(Source data Opens)
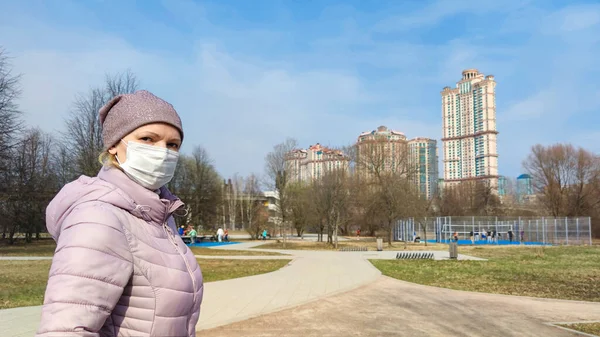 Woman with surgical mask on face in city park during COVID-19 coronavirus pandemic. People wearing medical mask on street due to coronavirus disease. Concept of quarantine and corona virus outbreak.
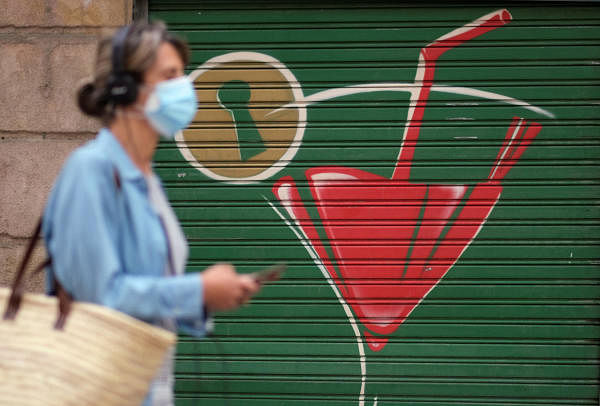 A woman wearing a face mask walks on a street, after Catalonia's regional authorities and the city council announced restrictions to contain the spread of the coronavirus. Credit: Reuters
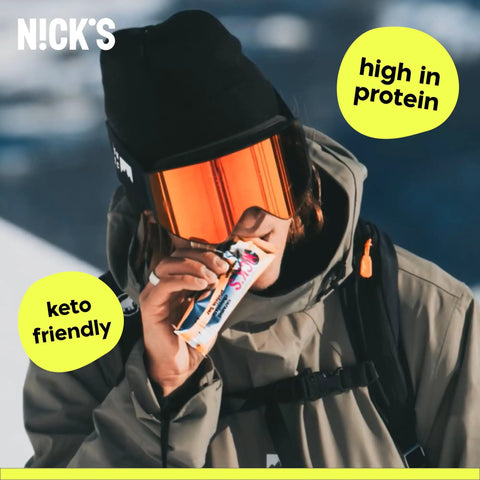 Person in winter gear eating Protein Bar Variety Pack With Candy Bar Taste, Low Calorie, Low Carb Keto Friendly Snack, snowy background.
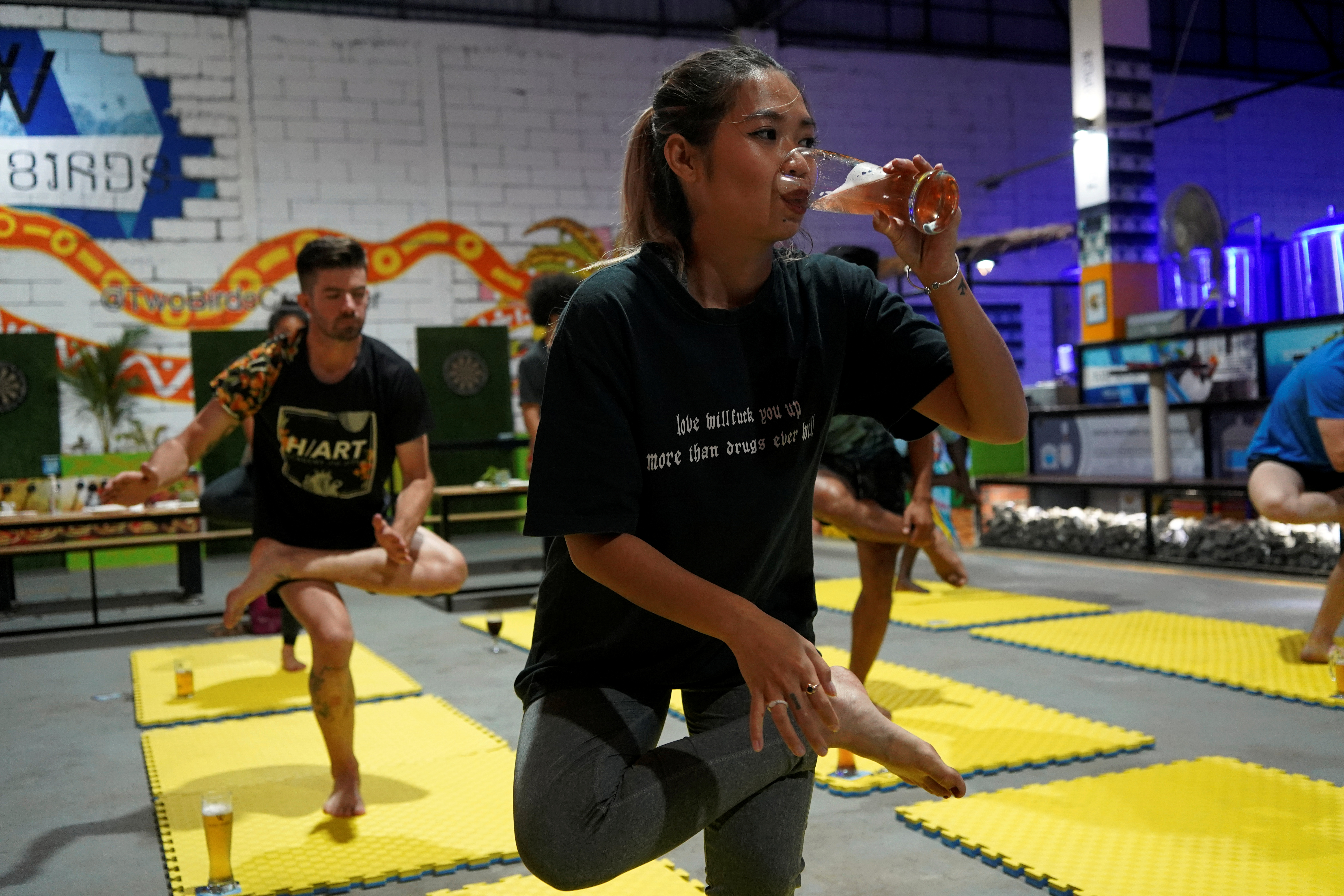 Sreyline Bacha participates in a beer yoga session, as the country eases the coronavirus disease (COVID-19) restrictions, at a craft brewery in Phnom Penh, Cambodia January 19, 2021. Picture taken January 19, 2021. REUTERS/Cindy Liu
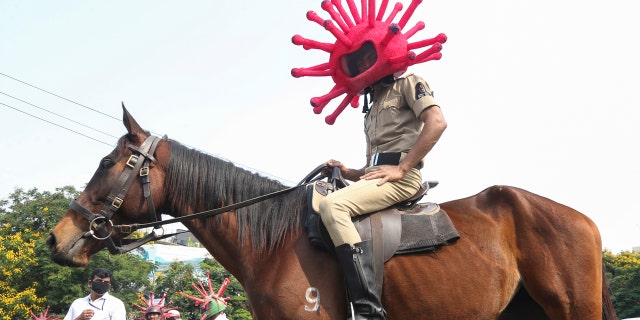 An Indian policeman wearing a virus themed helmet rides on a horse during an awareness rally aimed at preventing the spread of new coronavirus in Hyderabad, India, Thursday.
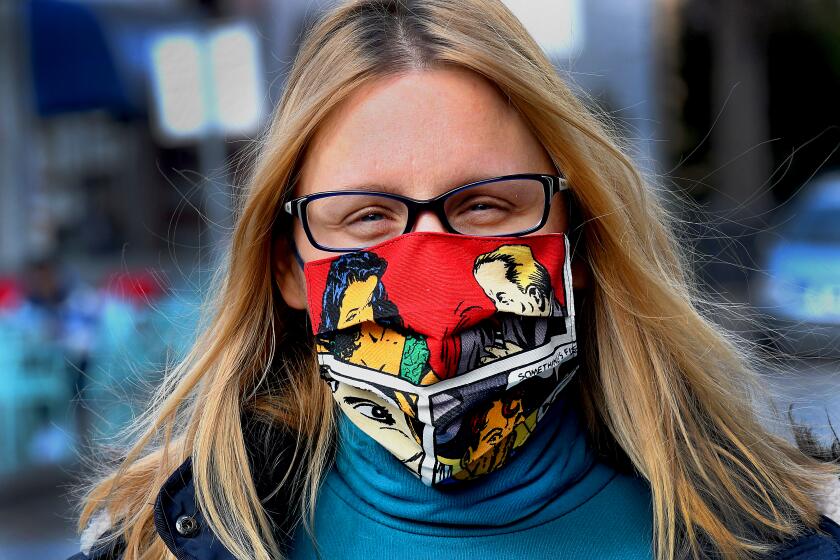 CROATIA: A picture taken in Zagreb shows a woman wearing a protective face mask designed by Croatian designer Zoran Aragovic. - Triggered by coronavirus epidemic he designed mask of cotton in his distictivepop art style.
(Source data Closes)
(Exercise description):
Repeat all of the entries word for word, but omit the pictures.

(Answer below):
 Woman with surgical mask on face in city park during COVID-19 coronavirus pandemic. People wearing medical mask on street due to coronavirus disease. Concept of quarantine and corona virus outbreak.
 A woman wearing a face mask walks on a street, after Catalonia's regional authorities and the city council announced restrictions to contain the spread of the coronavirus. Credit: Reuters
 Person in winter gear eating Protein Bar Variety Pack With Candy Bar Taste, Low Calorie, Low Carb Keto Friendly Snack, snowy background.
 Sreyline Bacha participates in a beer yoga session, as the country eases the coronavirus disease (COVID-19) restrictions, at a craft brewery in Phnom Penh, Cambodia January 19, 2021. Picture taken January 19, 2021. REUTERS/Cindy Liu
 An Indian policeman wearing a virus themed helmet rides on a horse during an awareness rally aimed at preventing the spread of new coronavirus in Hyderabad, India, Thursday.
 CROATIA: A picture taken in Zagreb shows a woman wearing a protective face mask designed by Croatian designer Zoran Aragovic. - Triggered by coronavirus epidemic he designed mask of cotton in his distictivepop art style.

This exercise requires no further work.